Rebirth özel sayısı yayınladığından beri, yani bir yılı aşkın süredir Watchmen’in DC evrenindeki olayını merak içinde beklemekteydik. Son yazmanlardaysa Geoff Johns’un o özel sayıdan sonra yazacağı ilk çizgi romanın bu olayı aydınlatacağını ve isminin de “Doomsday Clock” olacağını öğrenmiştik. Şimdiyse SDCC’dan önemli bazı detayları sizlere aktarıyoruz, Geoff Johns’un ağzından…
“Dürüst olacağım, Doomsday Clock büyük bir meydan okuma olacak, ilk kez yazdığım karakterlerden dolayı.”
“Eğer dışarda bir yerlerde zamanı radikal bir şekilde karıştırabilecek birisi varsa, bu Dr.
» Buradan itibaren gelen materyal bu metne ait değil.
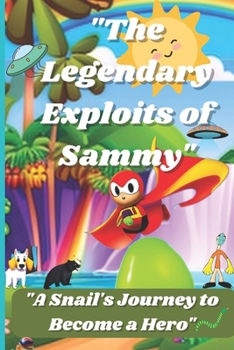 Paperback The Legendary Exploits of Sammy: : A Snail's Journey to Become a Hero Book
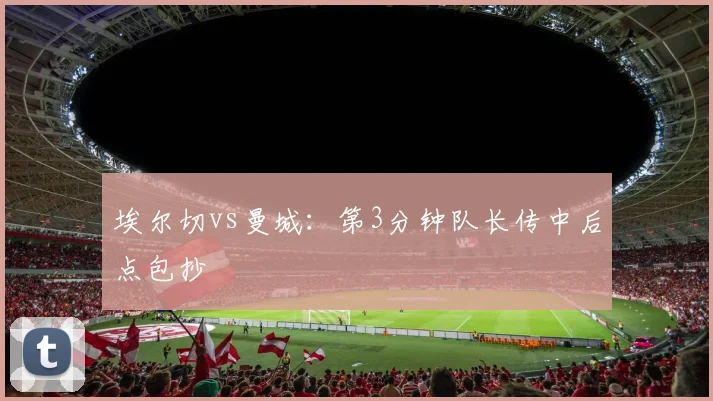 埃尔切vs曼城：第3分钟队长传中后点包抄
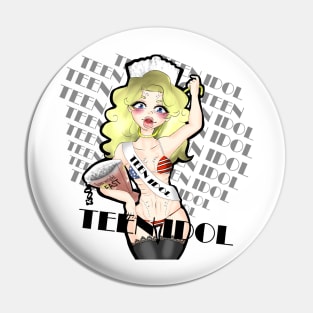 Teen Idol Pin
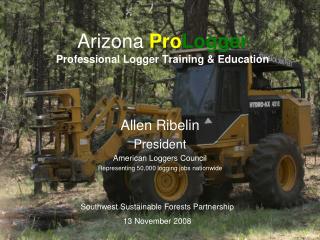 Arizona Pro Logger Professional Logger Training &amp; Education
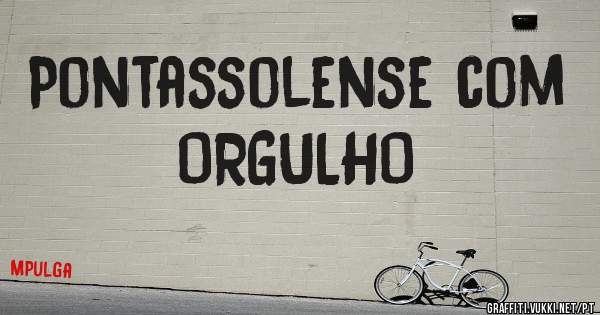 Pontassolense com ORGULHO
Manhattan’dı.”
Konferansın bu kısmında Dan Didio ilk sayının ilk panelini gösteriyor ve panelde “Son yakın” yazıyor.
Ardından başka bir panel gösteriyorlar, panelde sarışın bir kadın var. Bu konu hakkında da Geoff Johns “Bu da ilk sayıdan başka bir panel, yeni bir kadın karakterimiz var. Ve hapsedilmiş” diyor. Ardından başka bir panel gösteriliyor hapishanenin dış görünüşü ve hapishanenin etrafını çevreleyen ağlar yırtılmış. Johns “Belki de hapiste değildir” diyor. Ardından da kapıları açık bir arabalı bir panel var.
“Doomsday Clock bizim için riskli bir hikaye. 12 sayı uzunluğunda olacak (Watchmen gibi) ve DC’nin şu anki evreninden bir yıl sonrasında geçecek. Son sayı çıktığında da DC evreni bu olayları yakalamış olacak ve o olayların etkisi evrende hissedilecek. Ayrıca Dark Night: Metal, Doomsday Clock’un öncesinde geçecek.”
Başka bir panelde (yukarıda resmi var) birinin kafatası filmini görüyoruz. “Birisi hasta” diyor Johns. Ve başka bir panelde Metropolis manzarasıyla beraber Daily Planet binası. Dan Didio, Johns’a Superman’in hikayenin ayrılmaz bütünü olup olmadığını soruyor. Cevapsa net… “Hikaye onun ta kendisi.”
Başka bir panelde Dr. Manhattan’ın alnını görüyoruz.
Ardından da Justice League’i. Panelin üstünde “Watchmen’i kim izliyor?” yazıyor.
Gelelim çok önemli bir noktaya. Johns, Watchmen’e dokunulmaması gerektiğini düşünenler için de birkaç kelime sarf etti. Yani böyle bir soruyu şöyle cevaplıyor. “Ben bu hikayeye inanıyorum, anlatabileceğimiz en harika hikayeyi anlatacağız.” Sanki biraz kaçamak bir cevap olmuş?
Panel biterken de Johns küçük bir mesaj vermiş. “Bir dünyadaki en zeki kişiyle başka bir dünyadakinin konuşmasını görmeye bayılıyorum. DC dünyasının en zekisi Lex Luthor. Ve tüm söyleyeceğim şey bu.” Oranın en zeki insanı kim, Ozymandias mı? Bilmiyoruz. Fakat öğreneceğimiz aşikar.
Johns bayağı bir bilgi vermiş, güzel bilgiler aldık. Daha önce Doomsday Clock’u anlamanız için başka bir yan dergi okumanız gerekmiyor demişti. Hikayenin normal evrenin bir yıl sonrasında geçmesi de bunu kanıtlar nitelikte. Ayrıca Action Comics #1000’de hemen hemen aynı tarihlerde çıkacak, belli bir bağlantısı olur diye düşünülüyor fakat belki de tamamen Superman külliyatıyla alakalı olur dergi, bilemeyiz. O konu da şu an bir şey söylemek bir hayli zor.
Umarız büyük oynarken böylesini zor bir yükün altından kalkmayı becerebilmiştir Johns. Rebirth’e başarılı bir giriş yaptığı genel olarak hakim bir düşünce, umarız aynı şekilde bitirebilmeyi başarır.